Search code examples
rlarge-data

How to read large dataset in R


Possible Duplicate:
Quickly reading very large tables as dataframes in R

Hi,

trying to read a large dataset in R the console displayed the follwing errors:

data<-read.csv("UserDailyStats.csv", sep=",", header=T, na.strings="-", stringsAsFactors=FALSE)
> data = data[complete.cases(data),]
> dataset<-data.frame(user_id=as.character(data[,1]),event_date= as.character(data[,2]),day_of_week=as.factor(data[,3]),distinct_events_a_count=as.numeric(as.character(data[,4])),total_events_a_count=as.numeric(as.character(data[,5])),events_a_duration=as.numeric(as.character(data[,6])),distinct_events_b_count=as.numeric(as.character(data[,7])),total_events_b=as.numeric(as.character(data[,8])),events_b_duration= as.numeric(as.character(data[,9])))
Error: cannot allocate vector of size 94.3 Mb
In addition: Warning messages:
1: In data.frame(user_msisdn = as.character(data[, 1]), calls_date = as.character(data[,  :
  NAs introduced by coercion
2: In data.frame(user_msisdn = as.character(data[, 1]), calls_date = as.character(data[,  :
  NAs introduced by coercion
3: In class(value) <- "data.frame" :
  Reached total allocation of 3583Mb: see help(memory.size)
4: In class(value) <- "data.frame" :
  Reached total allocation of 3583Mb: see help(memory.size)

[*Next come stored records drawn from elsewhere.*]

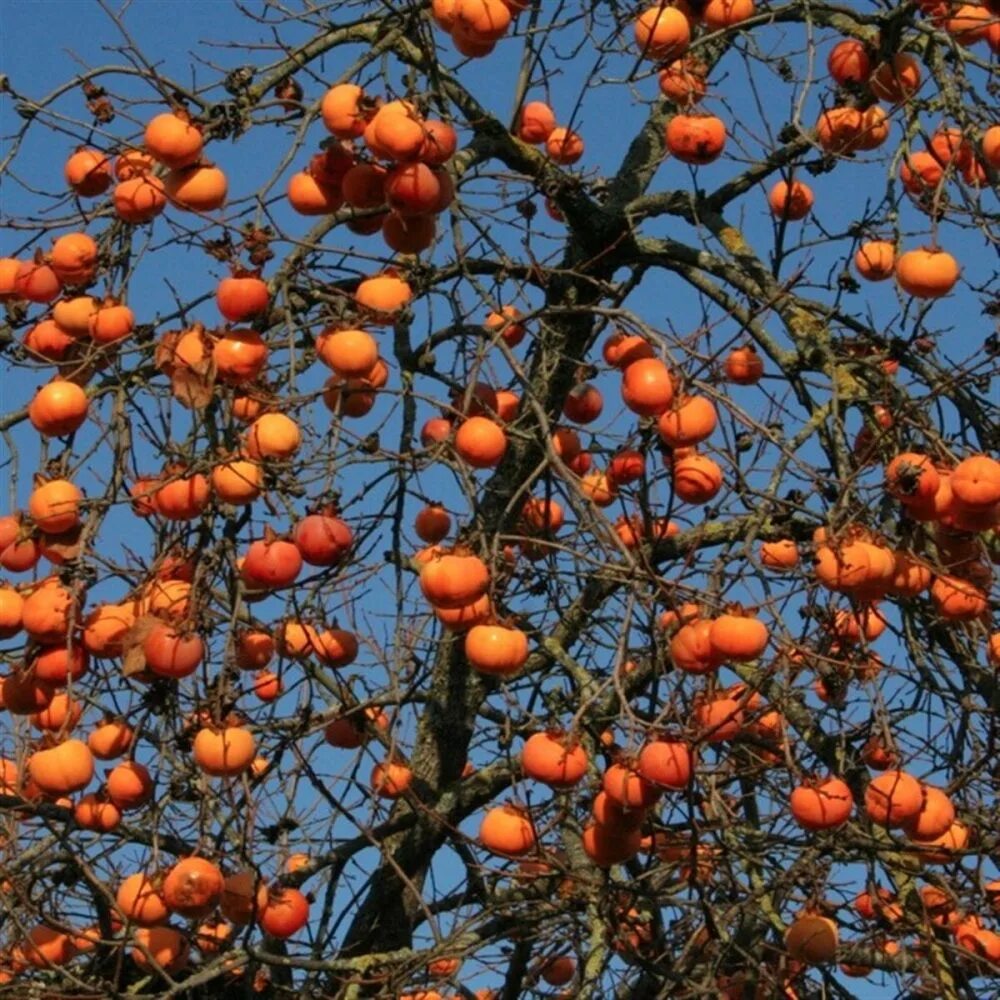 Хурма мушмуловидная. Хурма дерево. Хурма Кавказская. Хурма Diospyros. Карликовая хурма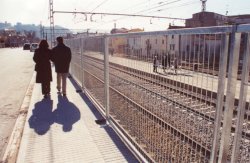 Nova tanca de protecció ja col·locada en el seu lloc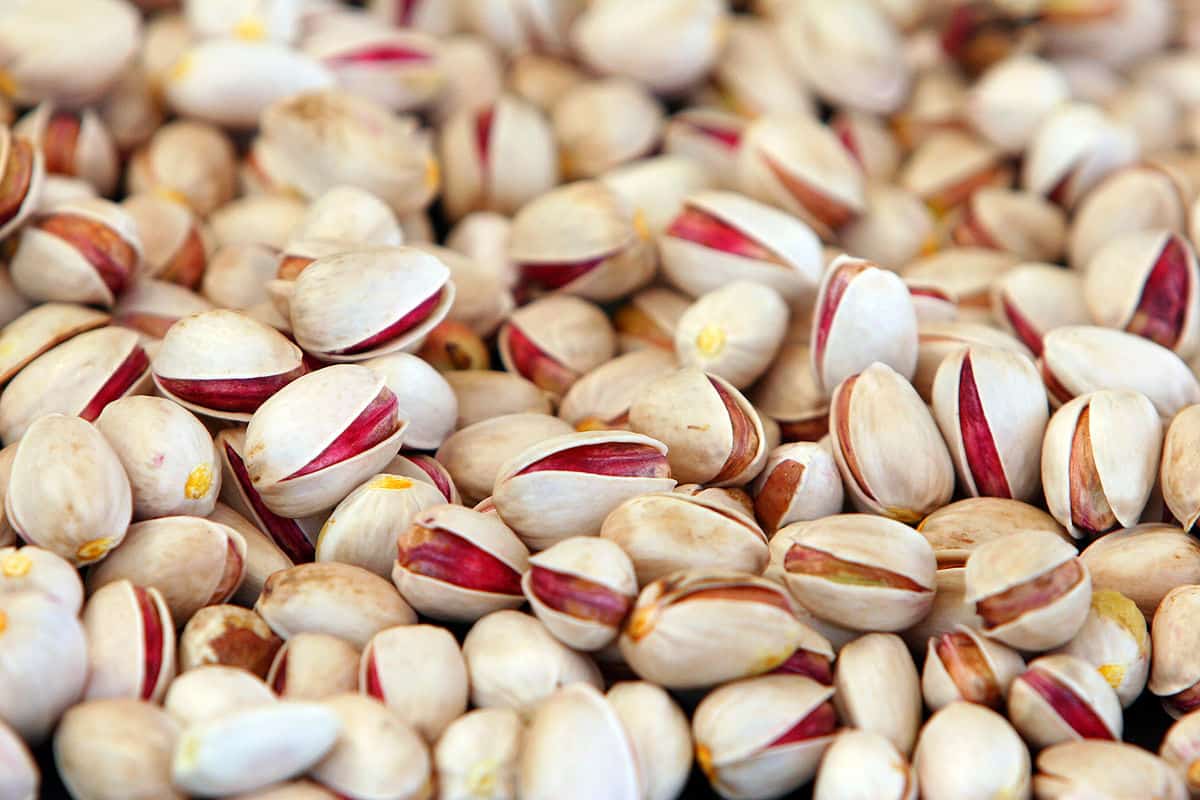 پسته تازه صادراتی + خریدعمده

Does anyone know how to read large datasets? The size of UserDailyStats.csv is approximately 2GB.


Solution

  • Sure:

    1. Get a bigger computer, in particular more ram
    2. Run a 64-bit OS, see 1) about more ram now that you can use it
    3. Read only the columns you need
    4. Read fewer rows
    5. Read the data in binary rather than re-parsing 2gb (which is mighty inefficient).

    There is also a manual for this at the R site.